When There is No Internal Audit – Investors Should Run!

Making Auditors “Civil Servants” Isn’t the Right Answer
November 15, 2021
Internal Audit’s Relationship With the General Counsel Can Be Complicated
November 29, 2021
November 22, 2021

A recent Gallup Poll found that 56 percent of Americans invest in the stock market, which is consistent with historical trends. The statistic varies in other countries, but the fact is, hundreds of millions of individuals around the world, directly or indirectly, are risking their retirement income and financial well-being based on how well the companies they invest in are run.

As more investors seek to benefit from a growing marketplace, they should be cautious when deciding which companies are worthy of their hard-earned dollars. Not only should they understand an organization’s business model and the risks facing the economy, industry, and company, they should also understand how well a company is managed. But in doing so, the tendency is for investors to look mostly at the quality of the board of directors, as well as the track record of the CEO and management team.

That can prove deceiving. After all, many iconic companies that have failed had a great track record – until they didn’t. The lesson from many of the 21st century corporate failures is that investors often overlooked a company’s tone at the top because they were too enamored with short-term financial performance. How effectively are risks managed? How ethical is the culture? How strong is the control environment?

Finding answers to those questions can be difficult without direct evidence. However, one red flag that should cause an investor’s antenna to go up is the absence of an internal audit function. While the presence of the function does not guarantee any degree of success for a company, not having one says something about the way the organization’s leadership views strong, effective risk management, internal control, and governance. When a publicly traded company does not have an internal audit function, one must ask: Who is providing the board with independent and objective assurance and insight on how well risk and the mitigating controls are being managed? If it is only management, the board may be operating at a disadvantage.

Almost two decades ago, the New York Stock Exchange recognized the value of an internal audit function and an equally important direct line of reporting to the organization’s audit committee. It required all listed companies to have an internal audit function in place, upon or within the first year of listing, depending on the circumstances.

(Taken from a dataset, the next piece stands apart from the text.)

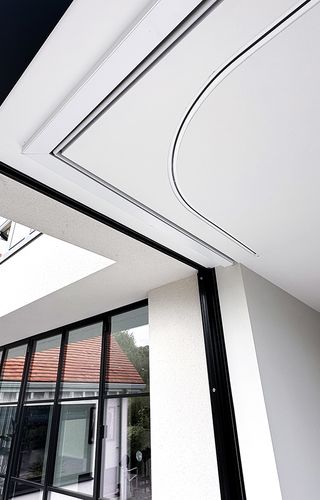 Blindspace roller blinds fitted to corner windows – Concealed blinds for corner windows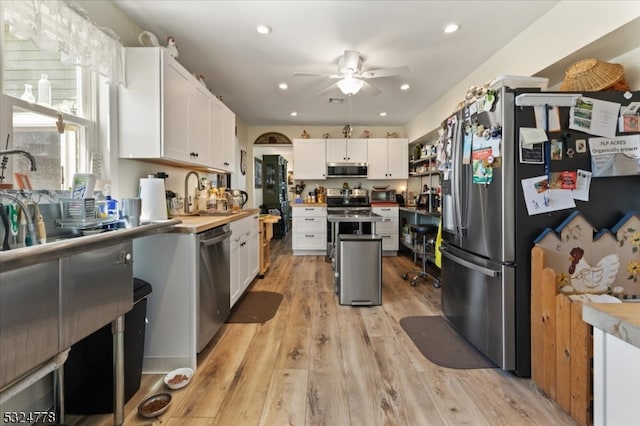 kitchen featuring ceiling fan, white cabinetry, sink, light wood-type flooring, and appliances with stainless steel finishes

Several years ago, NASDAQ considered adopting a similar requirement. At the time, research by Navigant estimated that 40 percent of NASDAQ-listed companies with market capitalizations between $75 million and $250 million lacked an internal audit function. Unfortunately, a small but loud chorus of misguided views from some sectors prompted NASDAQ to withdraw the proposed rule and, at least to this date, not come back to it.

Over the years, I have written about my great disappointment in that decision. I continue to believe that a properly structured internal audit function can provide independent, objective assurance and advice that not only protects but also creates value for the organization’s operations. And it can do so in a cost-effective manner while providing some level of assuring comfort to the investment community.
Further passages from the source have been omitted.